* _EXERCISE AIM_: Return the listing below in full, exactly.

▽

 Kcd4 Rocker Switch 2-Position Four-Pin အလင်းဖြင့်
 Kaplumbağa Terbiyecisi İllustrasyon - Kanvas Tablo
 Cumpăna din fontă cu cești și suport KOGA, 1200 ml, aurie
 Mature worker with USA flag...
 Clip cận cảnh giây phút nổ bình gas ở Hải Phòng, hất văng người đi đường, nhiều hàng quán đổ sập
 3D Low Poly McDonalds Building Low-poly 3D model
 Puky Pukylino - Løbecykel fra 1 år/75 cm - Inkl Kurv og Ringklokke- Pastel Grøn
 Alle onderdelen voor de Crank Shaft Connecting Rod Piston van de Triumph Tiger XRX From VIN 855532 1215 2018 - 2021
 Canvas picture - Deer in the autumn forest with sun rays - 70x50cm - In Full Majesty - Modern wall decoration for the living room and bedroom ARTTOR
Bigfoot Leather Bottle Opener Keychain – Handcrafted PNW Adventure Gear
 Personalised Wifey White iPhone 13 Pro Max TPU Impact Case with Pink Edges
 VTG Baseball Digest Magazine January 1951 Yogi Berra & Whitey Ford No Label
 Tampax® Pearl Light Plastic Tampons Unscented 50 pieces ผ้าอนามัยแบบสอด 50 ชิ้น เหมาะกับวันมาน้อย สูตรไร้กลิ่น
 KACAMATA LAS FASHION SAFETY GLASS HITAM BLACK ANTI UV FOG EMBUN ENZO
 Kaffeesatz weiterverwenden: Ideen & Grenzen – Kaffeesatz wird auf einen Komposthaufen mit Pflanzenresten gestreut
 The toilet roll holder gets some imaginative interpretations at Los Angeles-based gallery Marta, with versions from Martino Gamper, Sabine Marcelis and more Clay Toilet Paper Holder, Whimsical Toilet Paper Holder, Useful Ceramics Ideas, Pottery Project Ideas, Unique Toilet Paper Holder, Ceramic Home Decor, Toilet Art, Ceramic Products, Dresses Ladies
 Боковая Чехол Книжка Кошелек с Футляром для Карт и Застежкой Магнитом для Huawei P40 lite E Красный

△

* _TASK ANSWER_:
 Kcd4 Rocker Switch 2-Position Four-Pin အလင်းဖြင့်
 Kaplumbağa Terbiyecisi İllustrasyon - Kanvas Tablo
 Cumpăna din fontă cu cești și suport KOGA, 1200 ml, aurie
 Mature worker with USA flag...
 Clip cận cảnh giây phút nổ bình gas ở Hải Phòng, hất văng người đi đường, nhiều hàng quán đổ sập
 3D Low Poly McDonalds Building Low-poly 3D model
 Puky Pukylino - Løbecykel fra 1 år/75 cm - Inkl Kurv og Ringklokke- Pastel Grøn
 Alle onderdelen voor de Crank Shaft Connecting Rod Piston van de Triumph Tiger XRX From VIN 855532 1215 2018 - 2021
 Canvas picture - Deer in the autumn forest with sun rays - 70x50cm - In Full Majesty - Modern wall decoration for the living room and bedroom ARTTOR
Bigfoot Leather Bottle Opener Keychain – Handcrafted PNW Adventure Gear
 Personalised Wifey White iPhone 13 Pro Max TPU Impact Case with Pink Edges
 VTG Baseball Digest Magazine January 1951 Yogi Berra & Whitey Ford No Label
 Tampax® Pearl Light Plastic Tampons Unscented 50 pieces ผ้าอนามัยแบบสอด 50 ชิ้น เหมาะกับวันมาน้อย สูตรไร้กลิ่น
 KACAMATA LAS FASHION SAFETY GLASS HITAM BLACK ANTI UV FOG EMBUN ENZO
 Kaffeesatz weiterverwenden: Ideen & Grenzen – Kaffeesatz wird auf einen Komposthaufen mit Pflanzenresten gestreut
 The toilet roll holder gets some imaginative interpretations at Los Angeles-based gallery Marta, with versions from Martino Gamper, Sabine Marcelis and more Clay Toilet Paper Holder, Whimsical Toilet Paper Holder, Useful Ceramics Ideas, Pottery Project Ideas, Unique Toilet Paper Holder, Ceramic Home Decor, Toilet Art, Ceramic Products, Dresses Ladies
 Боковая Чехол Книжка Кошелек с Футляром для Карт и Застежкой Магнитом для Huawei P40 lite E Красный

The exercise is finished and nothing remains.